IL PRESIDENTE Raúl Castro parla di dialogo con gli Usa senza precondizioni. La figlia, Mariela, non troppo tempo fa, ha dichiarato che, se potesse, voterebbe Obama. Il nuovo corso di Cuba parte da qui. Un’apertura verso l’Occidente, a partire dal ripristino della proprietà privata, che sembra imboccare una seria strada verso il rinnovamento. Ma oltre ai proclami, bisogna atterrare all’Avana per capire che la situazione è un po’ più complessa. Le Cadillac anni Sessanta colorano le strade della capitale, mentre resta quel contrasto ruvido di sorrisi e mura scrostate. Tra donne alla finestra e uomini seduti all’aperto che giocano a domino, l’atmosfera dell’Habana vieja sembra intatta al passare del tempo.
Alla Bodeguita del Medio pare di rivedere il grande scrittore Ernest Hemingway.
«Un mojito alla Bodeguita, un daiquiri al Floridita», scriveva nel periodo in cui Cuba era diventata la sua seconda casa, mentre nella Plaza de la Revolución l’immagine gigantesca di Che Guevara scruta fieramente ogni angolo e sembra di essere rimasti fermi lì: al mito. Peccato che, accanto, la Ferìa de la Artesanìa riduce tutto al mero marketing. E l’eroe cubano finisce in ogni genere di paccottiglia turistica senz’anima. Qui, una ragazza, mentre tenta di vendere uno dei suoi gadget, esibisce il suo nuovo telefonino (ormai da qualche anno non più al bando con computer e altri oggetti tecnologici), altro simbolo che qualcosa sia già cambiato. Un dato di fatto è che i russi sono tornati a Cuba per turismo con i nuovi ricchi di Mosca e San Pietroburgo che affollano i ristoranti dell’Avana. «Ne arrivano così tanti che abbiamo scritto il menu in cirillico», spiega un ristoratore. Ennesima svolta, visto che, dopo il crollo dell’Unione Sovietica insieme agli aiuti economici, se n’erano andate anche le persone…
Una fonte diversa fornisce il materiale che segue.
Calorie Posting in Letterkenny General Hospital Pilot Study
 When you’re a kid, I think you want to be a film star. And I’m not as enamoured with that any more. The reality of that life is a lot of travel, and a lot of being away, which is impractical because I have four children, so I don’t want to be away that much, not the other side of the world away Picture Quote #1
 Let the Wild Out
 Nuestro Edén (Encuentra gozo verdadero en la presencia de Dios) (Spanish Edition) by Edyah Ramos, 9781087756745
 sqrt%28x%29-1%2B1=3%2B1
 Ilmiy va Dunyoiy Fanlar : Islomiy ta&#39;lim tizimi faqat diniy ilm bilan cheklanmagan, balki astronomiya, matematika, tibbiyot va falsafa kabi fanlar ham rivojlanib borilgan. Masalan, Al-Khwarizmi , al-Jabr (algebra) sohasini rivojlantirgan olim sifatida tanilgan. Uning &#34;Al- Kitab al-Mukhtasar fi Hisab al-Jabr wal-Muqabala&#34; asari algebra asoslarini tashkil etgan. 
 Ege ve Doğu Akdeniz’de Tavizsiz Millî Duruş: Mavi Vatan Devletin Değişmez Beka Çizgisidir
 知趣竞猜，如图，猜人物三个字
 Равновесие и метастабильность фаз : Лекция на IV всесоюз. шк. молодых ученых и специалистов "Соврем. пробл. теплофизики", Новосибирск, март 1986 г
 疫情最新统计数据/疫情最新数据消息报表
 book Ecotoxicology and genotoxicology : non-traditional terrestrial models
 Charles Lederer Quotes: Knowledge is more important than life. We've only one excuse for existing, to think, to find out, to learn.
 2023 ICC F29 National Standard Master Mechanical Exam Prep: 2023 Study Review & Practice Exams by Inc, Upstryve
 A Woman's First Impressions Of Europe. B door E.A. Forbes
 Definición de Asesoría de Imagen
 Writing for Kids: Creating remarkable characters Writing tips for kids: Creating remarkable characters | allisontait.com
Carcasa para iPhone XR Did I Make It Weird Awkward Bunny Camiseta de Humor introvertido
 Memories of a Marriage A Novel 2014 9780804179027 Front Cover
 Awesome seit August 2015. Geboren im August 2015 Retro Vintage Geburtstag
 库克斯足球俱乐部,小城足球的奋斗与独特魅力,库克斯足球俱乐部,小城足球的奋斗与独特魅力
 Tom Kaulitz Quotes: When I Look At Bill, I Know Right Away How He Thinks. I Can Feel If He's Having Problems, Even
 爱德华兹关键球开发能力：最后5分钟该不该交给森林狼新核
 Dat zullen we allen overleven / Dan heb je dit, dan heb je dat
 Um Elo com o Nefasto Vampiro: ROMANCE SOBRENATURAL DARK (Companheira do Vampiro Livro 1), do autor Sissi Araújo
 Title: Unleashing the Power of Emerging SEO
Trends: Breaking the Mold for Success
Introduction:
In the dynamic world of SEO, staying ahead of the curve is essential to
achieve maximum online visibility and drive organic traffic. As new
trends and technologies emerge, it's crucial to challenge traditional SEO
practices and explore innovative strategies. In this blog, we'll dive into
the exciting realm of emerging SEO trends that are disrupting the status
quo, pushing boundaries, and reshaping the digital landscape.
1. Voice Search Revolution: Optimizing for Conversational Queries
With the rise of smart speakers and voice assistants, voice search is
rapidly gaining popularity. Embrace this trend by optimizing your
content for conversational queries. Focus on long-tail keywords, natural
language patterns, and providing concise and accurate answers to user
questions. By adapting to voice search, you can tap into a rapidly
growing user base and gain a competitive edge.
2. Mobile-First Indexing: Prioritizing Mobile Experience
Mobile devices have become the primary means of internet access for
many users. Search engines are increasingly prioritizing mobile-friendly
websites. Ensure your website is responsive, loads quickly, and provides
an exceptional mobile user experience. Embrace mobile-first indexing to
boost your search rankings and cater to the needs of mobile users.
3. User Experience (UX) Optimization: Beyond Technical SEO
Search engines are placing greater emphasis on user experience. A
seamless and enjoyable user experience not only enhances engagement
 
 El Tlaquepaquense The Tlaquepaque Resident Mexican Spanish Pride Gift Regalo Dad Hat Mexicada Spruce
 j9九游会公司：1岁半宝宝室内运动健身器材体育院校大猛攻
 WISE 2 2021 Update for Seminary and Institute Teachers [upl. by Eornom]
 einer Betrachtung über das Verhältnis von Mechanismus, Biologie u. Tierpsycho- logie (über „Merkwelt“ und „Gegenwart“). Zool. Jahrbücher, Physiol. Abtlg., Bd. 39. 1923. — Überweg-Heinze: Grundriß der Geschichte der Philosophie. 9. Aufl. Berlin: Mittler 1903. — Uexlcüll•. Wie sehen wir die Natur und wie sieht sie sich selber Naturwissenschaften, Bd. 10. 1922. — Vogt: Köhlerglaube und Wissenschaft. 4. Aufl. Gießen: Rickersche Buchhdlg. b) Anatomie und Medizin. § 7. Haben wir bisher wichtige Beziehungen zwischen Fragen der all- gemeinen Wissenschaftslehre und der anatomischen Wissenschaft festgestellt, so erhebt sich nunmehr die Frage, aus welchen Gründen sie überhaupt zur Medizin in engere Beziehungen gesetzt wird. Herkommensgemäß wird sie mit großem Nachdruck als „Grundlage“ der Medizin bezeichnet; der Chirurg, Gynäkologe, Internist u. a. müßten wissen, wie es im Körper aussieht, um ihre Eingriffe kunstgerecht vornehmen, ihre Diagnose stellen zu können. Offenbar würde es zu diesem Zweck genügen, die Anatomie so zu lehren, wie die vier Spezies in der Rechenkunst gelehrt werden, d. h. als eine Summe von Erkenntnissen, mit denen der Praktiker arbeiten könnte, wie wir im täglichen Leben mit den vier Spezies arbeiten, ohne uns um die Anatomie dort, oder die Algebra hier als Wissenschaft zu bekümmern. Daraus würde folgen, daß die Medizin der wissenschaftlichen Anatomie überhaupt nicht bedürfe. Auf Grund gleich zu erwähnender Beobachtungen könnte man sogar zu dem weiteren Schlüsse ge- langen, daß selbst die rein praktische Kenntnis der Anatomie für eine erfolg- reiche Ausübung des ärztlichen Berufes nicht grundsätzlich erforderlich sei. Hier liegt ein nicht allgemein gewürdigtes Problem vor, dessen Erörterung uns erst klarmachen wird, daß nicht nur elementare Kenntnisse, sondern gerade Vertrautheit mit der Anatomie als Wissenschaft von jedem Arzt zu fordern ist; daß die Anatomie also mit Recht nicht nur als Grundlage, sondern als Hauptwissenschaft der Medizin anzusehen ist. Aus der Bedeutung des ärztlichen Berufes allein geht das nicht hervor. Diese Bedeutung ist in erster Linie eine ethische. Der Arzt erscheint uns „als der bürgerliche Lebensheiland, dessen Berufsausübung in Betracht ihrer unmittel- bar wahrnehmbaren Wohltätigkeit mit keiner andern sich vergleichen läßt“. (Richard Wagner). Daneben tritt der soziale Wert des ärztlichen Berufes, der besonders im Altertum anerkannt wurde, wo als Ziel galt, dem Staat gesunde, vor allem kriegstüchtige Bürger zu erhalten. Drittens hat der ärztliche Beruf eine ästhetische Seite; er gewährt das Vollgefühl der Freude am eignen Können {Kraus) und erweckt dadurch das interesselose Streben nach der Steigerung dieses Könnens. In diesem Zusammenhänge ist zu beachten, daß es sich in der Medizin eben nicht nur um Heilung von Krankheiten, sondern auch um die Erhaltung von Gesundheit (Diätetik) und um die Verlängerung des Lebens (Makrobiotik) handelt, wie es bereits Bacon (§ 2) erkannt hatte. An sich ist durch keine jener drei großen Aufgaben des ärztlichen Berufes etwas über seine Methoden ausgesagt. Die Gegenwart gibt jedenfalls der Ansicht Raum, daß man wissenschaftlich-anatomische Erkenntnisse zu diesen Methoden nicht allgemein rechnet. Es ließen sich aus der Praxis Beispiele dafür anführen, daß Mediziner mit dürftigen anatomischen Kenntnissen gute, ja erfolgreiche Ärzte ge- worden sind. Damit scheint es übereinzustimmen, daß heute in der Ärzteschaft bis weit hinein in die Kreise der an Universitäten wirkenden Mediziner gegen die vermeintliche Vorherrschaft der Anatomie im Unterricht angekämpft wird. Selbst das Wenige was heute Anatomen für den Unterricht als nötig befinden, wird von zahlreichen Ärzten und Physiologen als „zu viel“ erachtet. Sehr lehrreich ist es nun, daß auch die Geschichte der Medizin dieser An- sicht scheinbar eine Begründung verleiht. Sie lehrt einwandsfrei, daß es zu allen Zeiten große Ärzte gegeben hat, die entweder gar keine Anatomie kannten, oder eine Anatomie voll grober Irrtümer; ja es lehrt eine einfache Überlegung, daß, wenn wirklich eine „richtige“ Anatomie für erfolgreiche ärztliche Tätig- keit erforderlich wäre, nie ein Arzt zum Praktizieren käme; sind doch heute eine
YOANI SÁNCHEZ, la famosa blogger anti-regime cubana, descrive il nuovo corso con una metafora, raccontando la «Mesa Redonda», il programma tv con il discorso politico ufficiale ridotto a mezz’ora e visibilmente modificato anche nella scenografia: «Possono vestirla di nuovo, ma Mesa Redonda resta». Così come il tassista Ernesto che, sintetizza, lapidario: «Il comunismo è una cosa buena, ma nella realidad…». Non finisce la frase e scuote la testa, mentre Aramis, campione di atletica leggera che vive da cinque anni in Italia, ricorda: «A Cuba siamo stati bene fino al 1990 poi stare qui è diventato sempre più difficile».